Task goal | Reproduce each line of the entries that carries "Gold".

Records from a collection |
=-=-=
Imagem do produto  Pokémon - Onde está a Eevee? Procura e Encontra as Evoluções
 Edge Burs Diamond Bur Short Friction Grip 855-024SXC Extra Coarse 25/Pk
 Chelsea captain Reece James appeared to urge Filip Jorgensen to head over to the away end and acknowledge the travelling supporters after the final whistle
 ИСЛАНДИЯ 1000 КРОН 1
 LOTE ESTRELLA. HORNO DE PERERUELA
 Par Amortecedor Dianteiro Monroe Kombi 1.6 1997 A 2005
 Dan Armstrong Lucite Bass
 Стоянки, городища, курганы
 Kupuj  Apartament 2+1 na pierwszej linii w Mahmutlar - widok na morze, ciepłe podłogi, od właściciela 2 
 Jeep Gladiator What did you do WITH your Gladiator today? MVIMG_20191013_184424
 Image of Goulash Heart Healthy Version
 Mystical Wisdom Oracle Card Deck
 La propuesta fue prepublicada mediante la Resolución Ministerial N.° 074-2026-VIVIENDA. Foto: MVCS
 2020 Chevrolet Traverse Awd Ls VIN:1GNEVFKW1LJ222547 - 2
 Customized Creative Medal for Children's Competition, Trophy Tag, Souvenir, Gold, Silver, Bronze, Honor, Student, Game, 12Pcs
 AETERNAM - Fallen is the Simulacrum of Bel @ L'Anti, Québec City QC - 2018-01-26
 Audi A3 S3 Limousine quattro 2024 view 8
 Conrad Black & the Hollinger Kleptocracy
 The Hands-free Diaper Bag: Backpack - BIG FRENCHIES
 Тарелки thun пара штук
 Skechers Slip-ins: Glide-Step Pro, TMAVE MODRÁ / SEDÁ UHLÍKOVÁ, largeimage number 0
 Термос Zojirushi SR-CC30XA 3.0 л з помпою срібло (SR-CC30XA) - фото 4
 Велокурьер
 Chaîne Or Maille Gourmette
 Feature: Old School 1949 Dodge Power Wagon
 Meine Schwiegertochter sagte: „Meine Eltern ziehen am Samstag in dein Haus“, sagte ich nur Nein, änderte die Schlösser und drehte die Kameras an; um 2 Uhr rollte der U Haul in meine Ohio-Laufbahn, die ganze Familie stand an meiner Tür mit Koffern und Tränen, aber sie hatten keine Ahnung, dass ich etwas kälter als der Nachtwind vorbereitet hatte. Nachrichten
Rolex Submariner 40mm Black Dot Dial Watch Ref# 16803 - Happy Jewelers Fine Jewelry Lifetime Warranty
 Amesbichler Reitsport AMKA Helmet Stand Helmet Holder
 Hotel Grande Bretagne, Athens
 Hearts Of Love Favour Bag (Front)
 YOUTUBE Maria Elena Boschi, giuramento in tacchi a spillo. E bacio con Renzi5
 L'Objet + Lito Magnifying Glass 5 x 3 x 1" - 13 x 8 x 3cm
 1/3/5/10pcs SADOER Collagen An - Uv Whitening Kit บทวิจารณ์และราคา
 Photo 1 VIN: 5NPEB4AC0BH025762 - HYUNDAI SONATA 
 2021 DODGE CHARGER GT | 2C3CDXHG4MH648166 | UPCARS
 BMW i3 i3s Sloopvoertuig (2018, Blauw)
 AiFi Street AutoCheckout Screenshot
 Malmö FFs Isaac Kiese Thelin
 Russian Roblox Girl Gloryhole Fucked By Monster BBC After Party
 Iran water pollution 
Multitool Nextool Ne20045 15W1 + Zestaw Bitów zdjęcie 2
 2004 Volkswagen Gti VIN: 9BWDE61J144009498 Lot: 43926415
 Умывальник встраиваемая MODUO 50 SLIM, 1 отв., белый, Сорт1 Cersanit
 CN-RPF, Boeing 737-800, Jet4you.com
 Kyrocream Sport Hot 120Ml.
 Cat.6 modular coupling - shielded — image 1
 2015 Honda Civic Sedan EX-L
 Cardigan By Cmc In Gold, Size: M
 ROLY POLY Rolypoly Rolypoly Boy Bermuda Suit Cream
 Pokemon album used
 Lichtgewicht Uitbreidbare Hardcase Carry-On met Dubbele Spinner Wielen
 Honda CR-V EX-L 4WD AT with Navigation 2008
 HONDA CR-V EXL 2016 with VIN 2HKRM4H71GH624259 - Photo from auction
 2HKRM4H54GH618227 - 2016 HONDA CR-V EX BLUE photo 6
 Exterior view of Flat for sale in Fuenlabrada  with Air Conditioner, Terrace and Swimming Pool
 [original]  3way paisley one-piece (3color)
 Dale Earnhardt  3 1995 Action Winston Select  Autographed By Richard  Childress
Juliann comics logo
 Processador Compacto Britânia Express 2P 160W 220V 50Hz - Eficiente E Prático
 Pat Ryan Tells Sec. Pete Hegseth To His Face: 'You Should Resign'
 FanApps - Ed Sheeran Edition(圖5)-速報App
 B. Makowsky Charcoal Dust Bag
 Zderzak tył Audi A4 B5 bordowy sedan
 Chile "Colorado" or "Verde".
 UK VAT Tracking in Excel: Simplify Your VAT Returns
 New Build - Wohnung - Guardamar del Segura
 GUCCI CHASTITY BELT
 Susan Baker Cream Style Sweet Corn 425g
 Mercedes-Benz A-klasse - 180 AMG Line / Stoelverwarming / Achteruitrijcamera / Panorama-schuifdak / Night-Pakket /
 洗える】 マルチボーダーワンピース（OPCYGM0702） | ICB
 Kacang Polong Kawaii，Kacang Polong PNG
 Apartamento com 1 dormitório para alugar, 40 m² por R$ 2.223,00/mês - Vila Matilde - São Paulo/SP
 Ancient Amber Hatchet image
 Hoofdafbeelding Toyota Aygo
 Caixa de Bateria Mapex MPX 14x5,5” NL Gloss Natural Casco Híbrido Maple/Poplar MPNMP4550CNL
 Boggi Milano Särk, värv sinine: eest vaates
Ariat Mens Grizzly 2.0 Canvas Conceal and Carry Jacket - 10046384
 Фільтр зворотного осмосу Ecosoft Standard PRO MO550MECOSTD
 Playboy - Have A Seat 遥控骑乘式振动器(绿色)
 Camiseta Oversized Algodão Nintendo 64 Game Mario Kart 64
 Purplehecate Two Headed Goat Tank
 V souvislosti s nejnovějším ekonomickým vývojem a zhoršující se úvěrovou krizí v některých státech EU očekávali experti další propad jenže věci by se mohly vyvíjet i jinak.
=-=-=
Answer to the problem |
 Customized Creative Medal for Children's Competition, Trophy Tag, Souvenir, Gold, Silver, Bronze, Honor, Student, Game, 12Pcs
 Cardigan By Cmc In Gold, Size: M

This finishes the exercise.